Here, the defendants sent e-mails encouraging others to reach out to store managers and discuss "deep disapproval" of the plaintiff's signature-gathering activity. Indeed, Kurland instructed the e-mail recipients to "threaten not to shop at the store again" and "express the opinion that many of [their] friends agree with [them]" so that "the[ ] [store managers] will remove [the canvassers] from the premises." Also, Dzuris proposed a "letter writing campaign" to various e-mail recipients, including Kurland, and kept others apprised, through e-mail, of where the petitioners were canvassing. See Corcoran, supra ("In order to determine if statements are petitioning, we consider them in the overall context in which they are made"). While these statements may have encompassed "the character of ‘petitioning activity,’ " other aspects of the defendants' actions, namely influencing others to interfere with the plaintiff's right to gather signatures, lacked characteristics of petition. Garabedian v. Westland, 59 Mass. App. Ct. 427, 432 (2003).

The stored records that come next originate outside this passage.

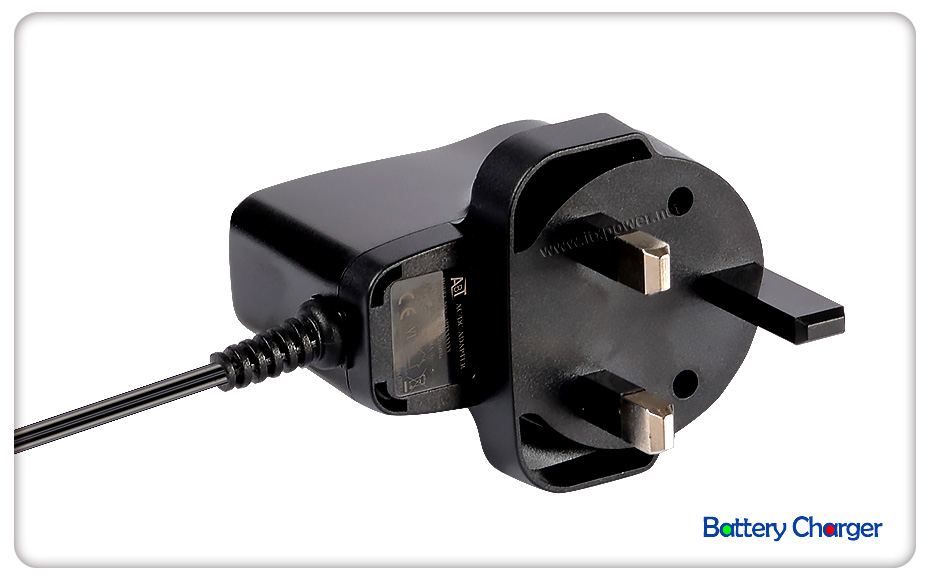 9.6V0.4A鎳氫/鎳镉電池充電器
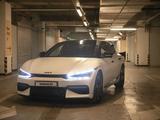 Kia EV6 2021 года за 13 500 000 тг. в Алматы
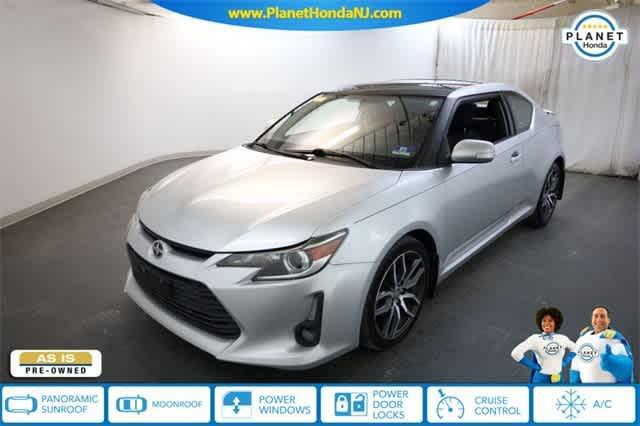 used 2014 Scion tC car, priced at $9,999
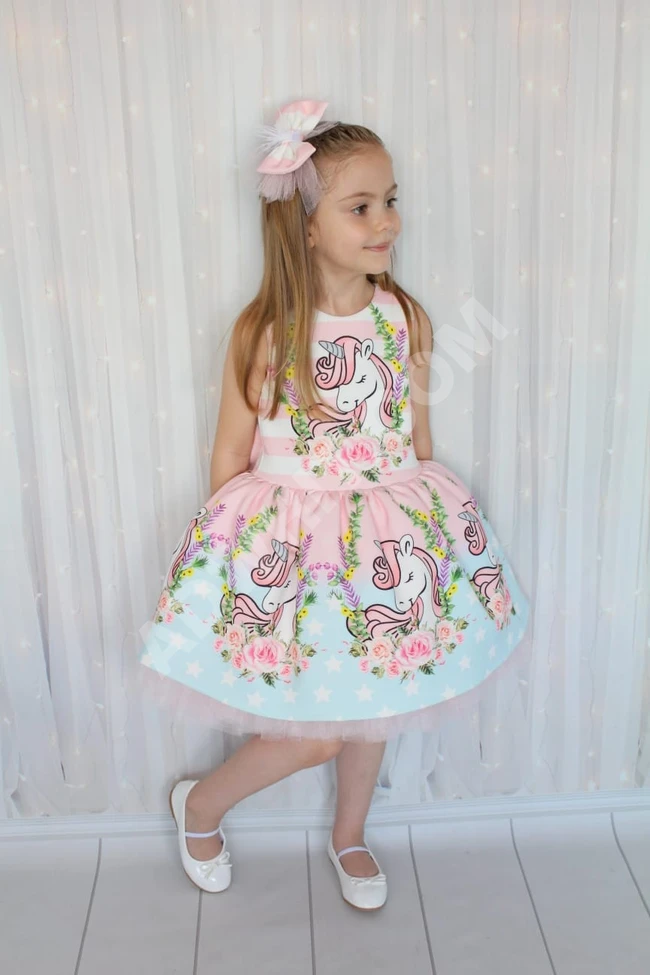 فساتين بنات مميزه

Under Massachusetts law, "any person seeking signatures in connection with access to the ballot, and distributing material associated therewith, has a right under art. 9 of the Declaration of Rights to do so, in a reasonable and unobtrusive manner...." Batchelder v. Allied Stores Intl., Inc., 388 Mass. 83, 84 (1983). ,

Article 9 of the Massachusetts Declaration of Rights provides:

"All elections ought to be free; and all the inhabitants of this commonwealth, having such qualifications as they shall establish by their frame of government, have an equal right to elect officers, and to be elected, for public employments."

In Glovsky v. Roche Bros. Supermarkets Inc., 469 Mass. 752, 762 (2014), the Supreme Judicial Court held that the art. 9 right to gather signatures extends to privately owned supermarkets that are not a part of strip malls or shopping centers. Here, the plaintiff alleges that the defendant interfered with his right to gather signatures in the parking lots and common areas in front of Demoulas Market Basket, in the East Gate Plaza, Hannaford Supermarket, in the Drum Hill Shopping Center, and Stop & Shop Supermarket Company, a freestanding grocery store.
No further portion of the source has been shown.